WHAT TO DO:
Only an exact repetition of the entries counts as an answer.

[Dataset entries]

• • • •

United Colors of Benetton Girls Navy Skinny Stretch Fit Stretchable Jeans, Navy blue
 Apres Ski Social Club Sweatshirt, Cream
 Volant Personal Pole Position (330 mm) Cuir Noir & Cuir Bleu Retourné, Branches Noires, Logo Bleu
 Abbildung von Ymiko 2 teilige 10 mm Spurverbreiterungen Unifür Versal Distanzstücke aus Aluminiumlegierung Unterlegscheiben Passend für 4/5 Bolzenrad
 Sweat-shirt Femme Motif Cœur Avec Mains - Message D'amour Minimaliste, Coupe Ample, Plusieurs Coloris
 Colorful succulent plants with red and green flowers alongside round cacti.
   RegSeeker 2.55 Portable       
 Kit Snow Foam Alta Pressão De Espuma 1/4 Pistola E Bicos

• • • •

TASK SOLUTION:
United Colors of Benetton Girls Navy Skinny Stretch Fit Stretchable Jeans, Navy blue
 Apres Ski Social Club Sweatshirt, Cream
 Volant Personal Pole Position (330 mm) Cuir Noir & Cuir Bleu Retourné, Branches Noires, Logo Bleu
 Abbildung von Ymiko 2 teilige 10 mm Spurverbreiterungen Unifür Versal Distanzstücke aus Aluminiumlegierung Unterlegscheiben Passend für 4/5 Bolzenrad
 Sweat-shirt Femme Motif Cœur Avec Mains - Message D'amour Minimaliste, Coupe Ample, Plusieurs Coloris
 Colorful succulent plants with red and green flowers alongside round cacti.
   RegSeeker 2.55 Portable       
 Kit Snow Foam Alta Pressão De Espuma 1/4 Pistola E Bicos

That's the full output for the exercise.